Sostanzialmente, le decisioni di politica nucleare spettano al Consiglio per la Sicurezza Nazionale, ma visto che io lavoro da sempre per il controllo degli armamenti, il Consiglio mi vedeva come un tecnico con un obiettivo preciso. E poiché il mio obiettivo non era particolarmente apprezzato, il Consiglio mi teneva alla larga il più possibile.

Quell’obiettivo, in realtà, lei ce l’ha nel DNA, perché è il nipote del Nobel James Franck, che stilò il celebre “Rapporto Franck”. In esso, un gruppo di fisici che avevano costruito la prima atomica chiesero al presidente americano Truman di non usare la bomba sulle popolazioni civili del Giappone, ma di usarla solo a scopo dimostrativo, per esempio su un’isola deserta, in modo che i giapponesi si fossero arresi e allo stesso tempo si fosse evitata la carneficina. 60 anni dopo, qual’è l’eredità di Hiroshima e Nagasaki?

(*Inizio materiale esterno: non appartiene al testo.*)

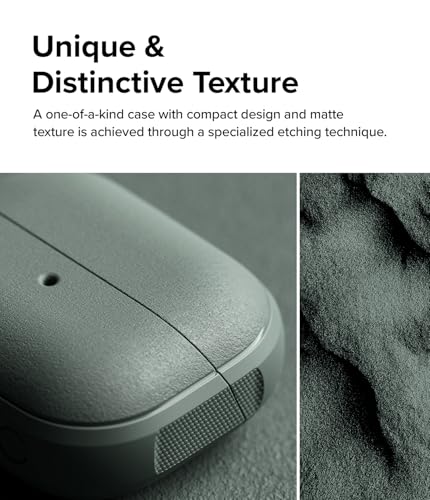 Ringke Onyx Magnetic Designed for Samsung Galaxy Buds 3 Pro & 3 & 3 FE Case [Compatible with MagSafe] Prevents Oily Smudges Feels Good in The Hand Non-Slip Cover - Sage Green - color: Sage Green, size: Galaxy Buds 3 Pro / Galaxy Buds 3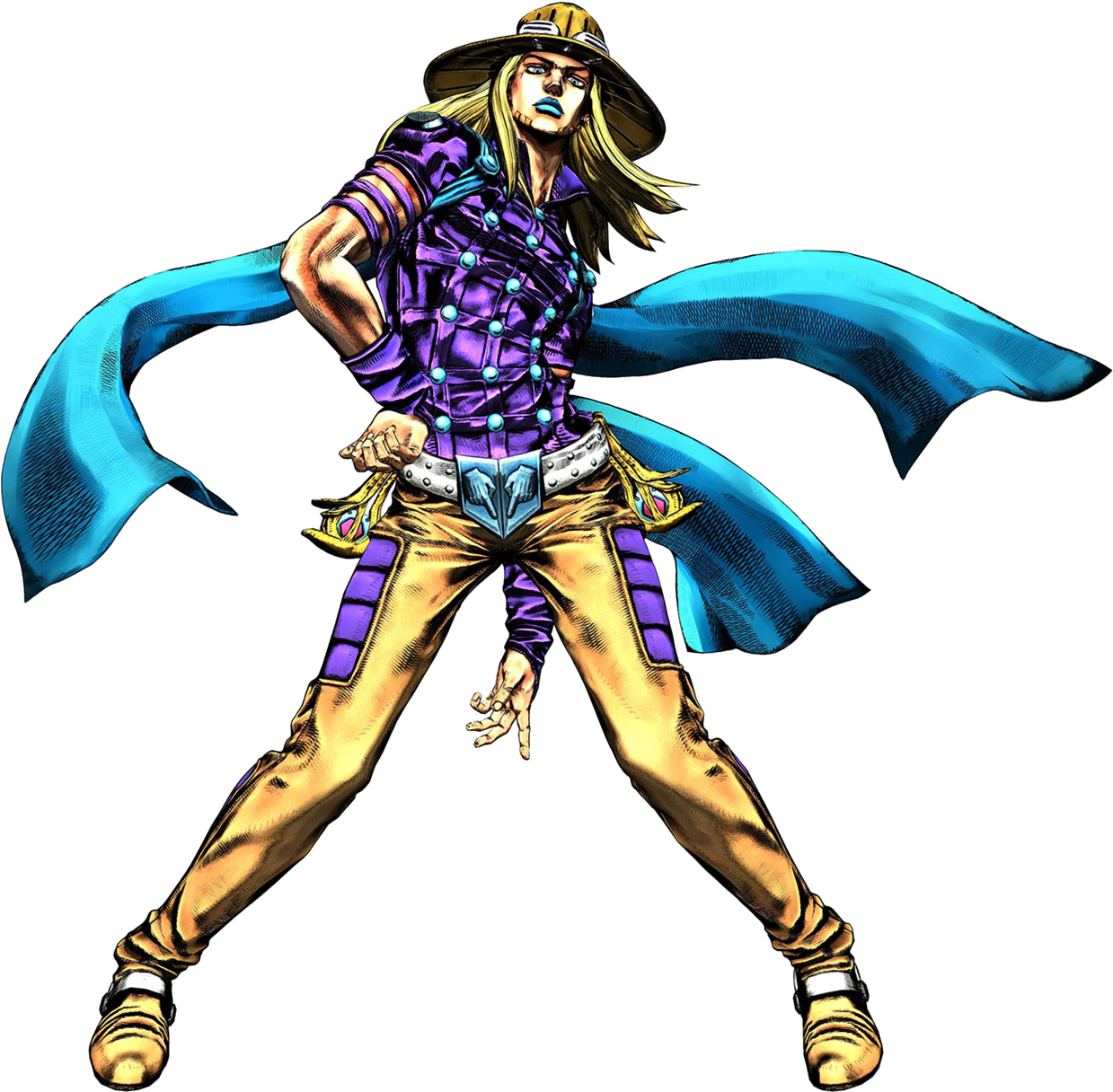 Gyro - Jojo's Bizarre Adventure Gyro Zeppeli (1260x1240), Png Download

Credo che usare quelle due atomiche contro civili inermi fu un crimine di guerra, ma credo anche che se non abbiamo usato armi nucleari durante la guerra fredda è anche perché ne avevamo visto gli effetti su Hiroshima. Hiroshima, dunque, fu un crimine di guerra, ma è stata anche una lezione. Certo, non c’era affatto bisogno di una seconda lezione, Nagasaki.